We don’t advertise h2 with ALPN when you have the http handler off. The HTTP servers that people run on Fly mostly don’t do h2c, and the simplest fix was just to drop it. We’ll make the ALPN configurable for the TLS handler someday!

1 Like

I’m a bit confused about this statement and the conclusion.

In this example, I’m also running something that supports H2C but because TLS handler wouldn’t advertise h2, it not possible to speak H2 from client to the service. If one needs to enable http handler to speak HTTP/2 from client to the service, well, then I don’t understand where running a service with h2c support becomes relevant.

Whoops, I left out an important “don’t”. :smiley:

Most peoples HTTP servers don’t do h2c. So when we advertised h2 with TLS, but then didn’t terminate h2 for people, requests failed.

Haha :laughing:. I re-read your reply like 10 times before replying because brevity was getting lost on me.

OK. Now everything makes sense. Looking forward to configurable ALPN support landing.

I just spend a lot of time trying to figure out why h2c to my container does not work. Now I know why :smiley:
I’d really love if that could be added (even as a org-level feature flag).
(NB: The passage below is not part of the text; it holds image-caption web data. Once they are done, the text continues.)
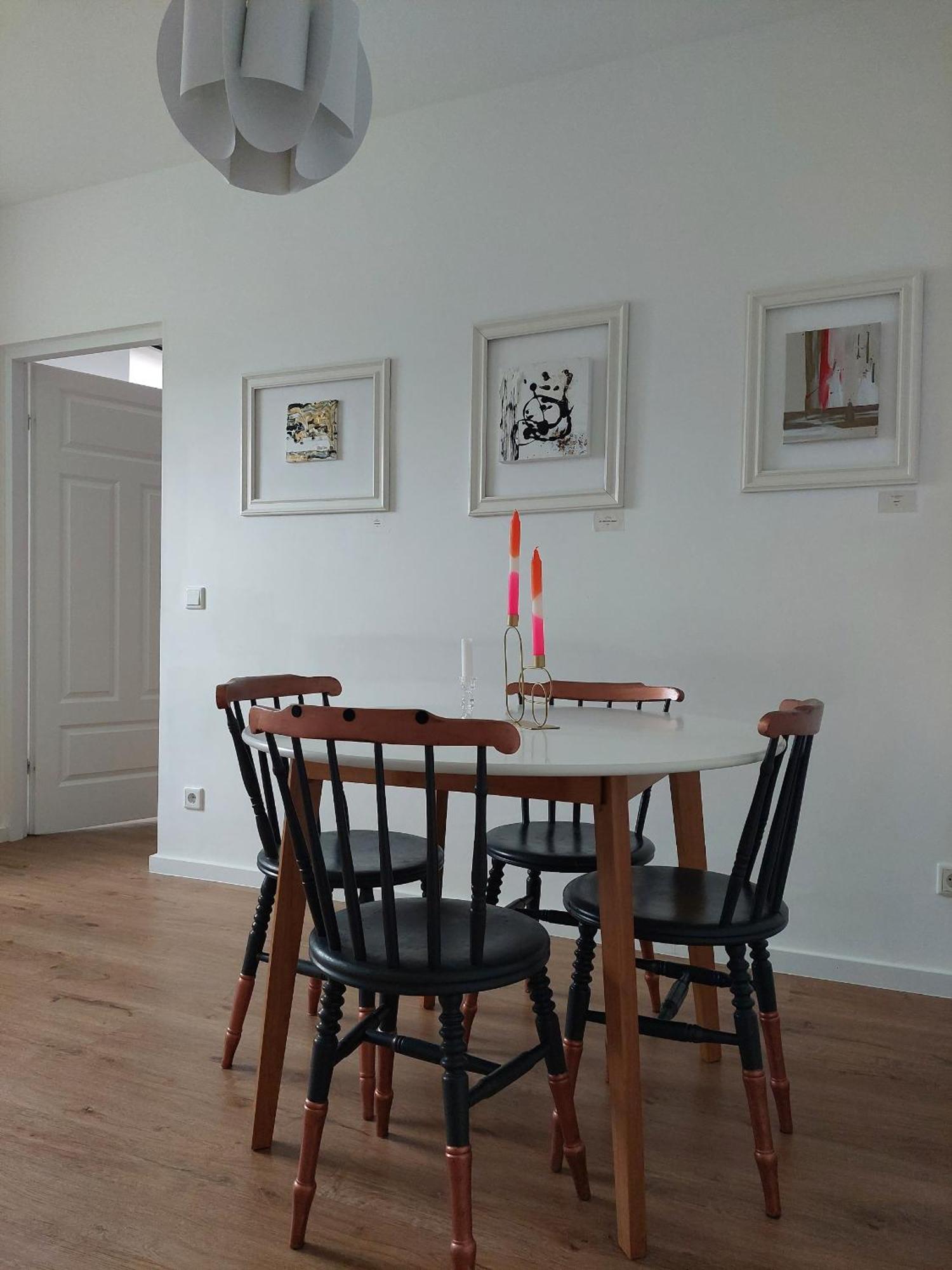 Gallery Apartment Bielefeld Kültér fotó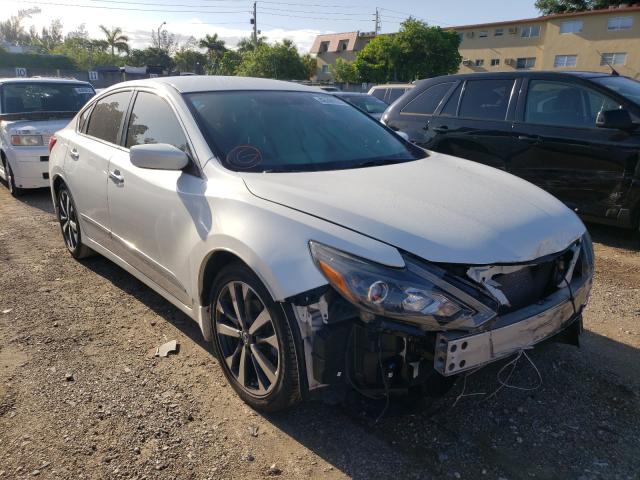 nissan altima 2016 1n4al3ap2gn390580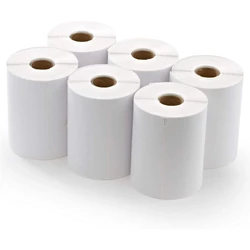Quick Load Edc Paper Roll, Fast setup and replacement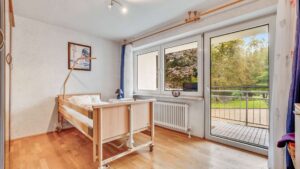 EG - Schlafzimmer - Nr. 11a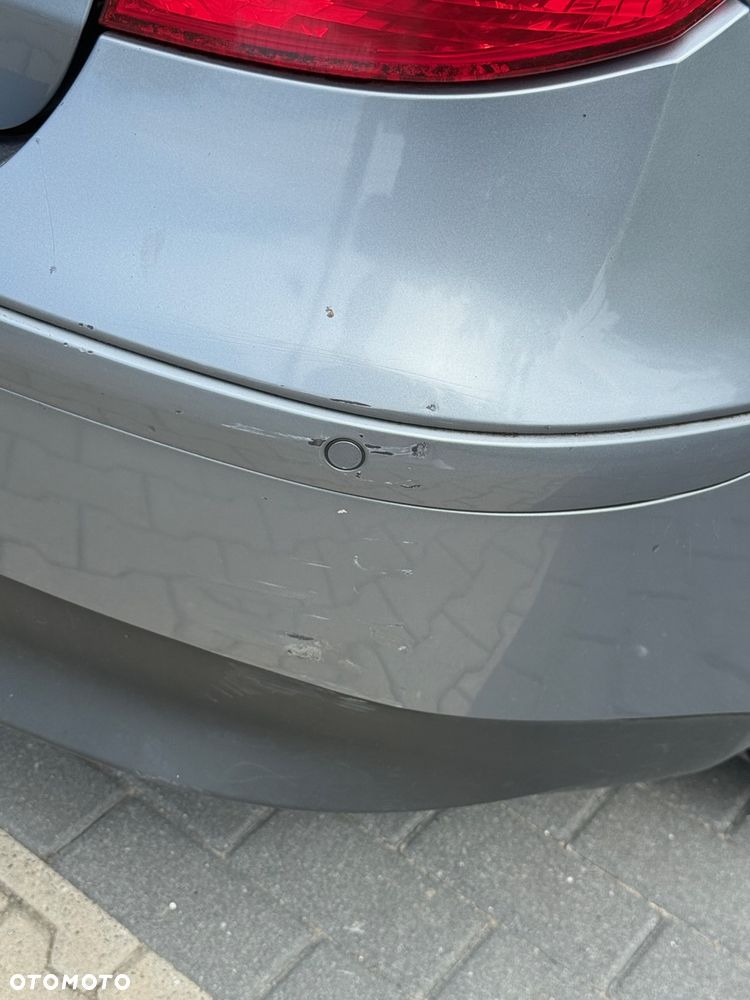 BMW Seria 1 - 10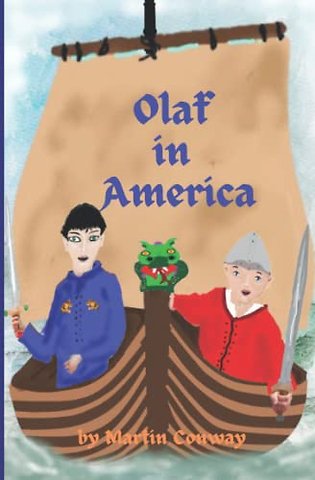Olaf in America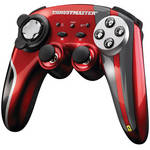 Thrustmaster Ferrari Wireless 430 Scuderia Limited Edition Gamepad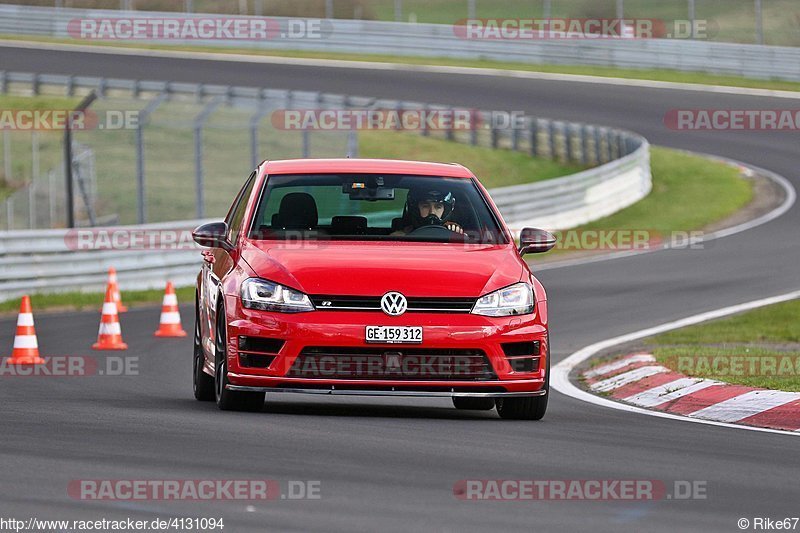 Bild #4131094 - Touristenfahrten Nürburgring Nordschleife 16.04.2018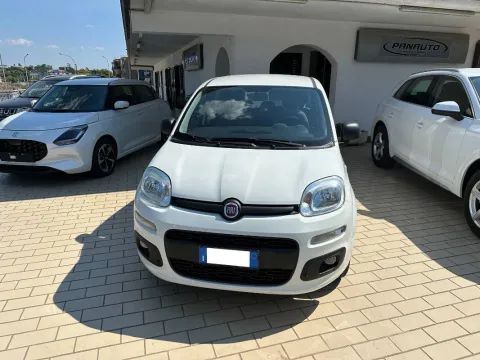Fiat Panda 1.2 Easy 69cv - Immagine 2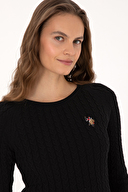 U.S. Polo Assn. Kadın Kazak 2226135.VR046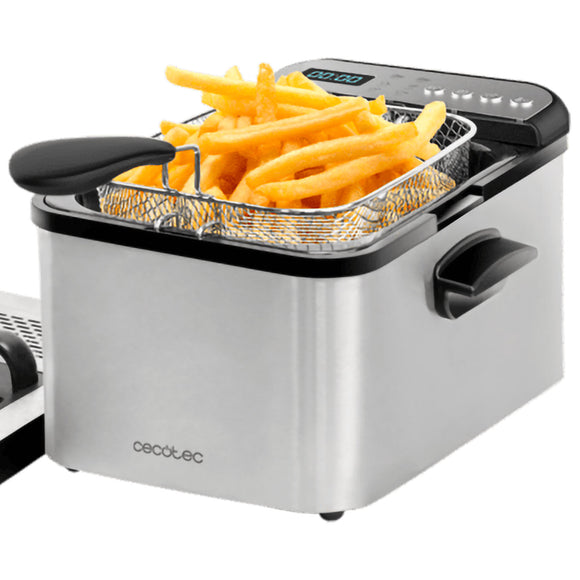 Deep Fryer (3.2L) - Asters Maldives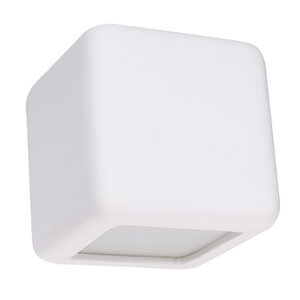 Sollux Lighting Wall lamp ceramic NESTA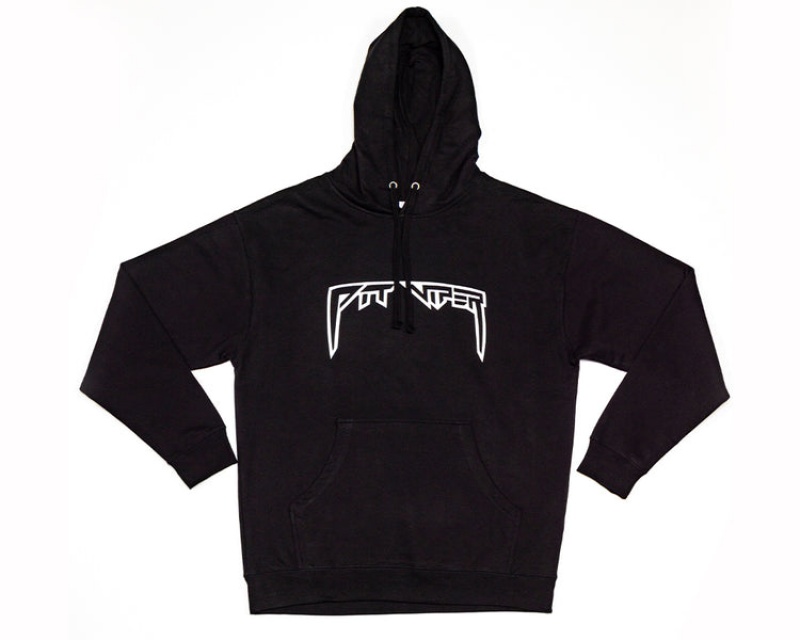 Pit Viper Fangs Standard Hoodie Svarta | JZL-823905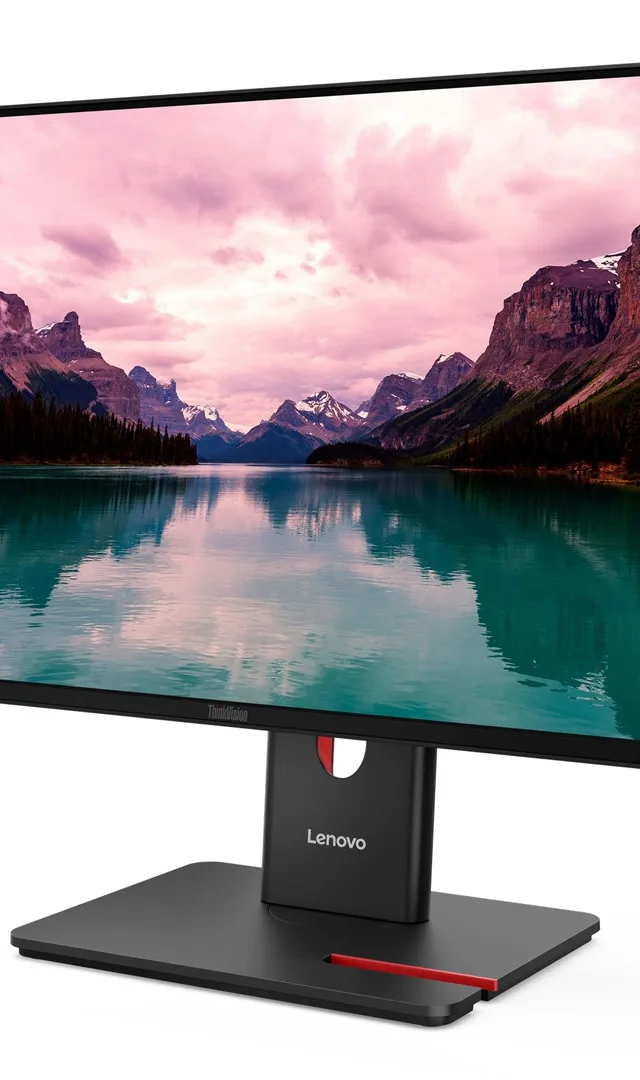 Lenovo ThinkVision T24-40 Monitor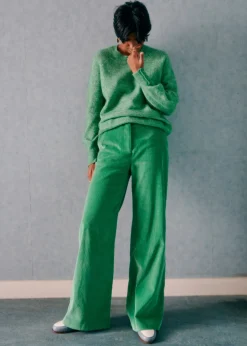 Sezane Coloré|Tous les Pantalons & Combinaisons|Pantalon Matheo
I’d be quite interested in testing this out. We’ve got a service we’re exposing over TCP directly for which it is quite important to have the actual remote IP.

@thomas following up on this – should binding TCP on fly-global-services just work for this, or is there something on your end that would need to be set up?

It won’t just work; the API for doing direct TCP routed around our proxy isn’t current exposed. But, if it were enabled, yes, that’s how it’d work for you: your container would just bind to the global service address.

Before we go down the road of lighting up that feature: the problem you’re talking about is why we have the proxy_proto handler — it forwards connections wrapped in haproxy’s proxy protocol, which there’s a bunch of libraries for. This is a much cleaner solution to the source address problem than the cut-through connections are; does that work for you?

The major win for cut-through TCP is for connections that need to never break — long-run video feeds are the big one. The problem is that every once in a blue moon we’ll roll one of our fly-proxies to a newer version and it’ll break some connections — that, too, is a problem we’re working on fixing, and we’ll probably resolve that before we surface TCP cut-through.

We can talk through doing TCP cut-through if you still think it’s important! I’m OK (happy, actually) to do something experimental to test through the feature with someone else’s traffic. But that’s what we’d be doing. :slight_smile:

Oh that will totally work. I think when I read through proxy_proto earlier I saw haproxy, my eyes glazed over, and then I assumed it’d only work for http and similar protocols rather than being a relatively generic solution.

Thanks!

I wrote this BPF TCP feature a year ago and have successfully spent a year fending off any attempts by our users to actually use it. :wink: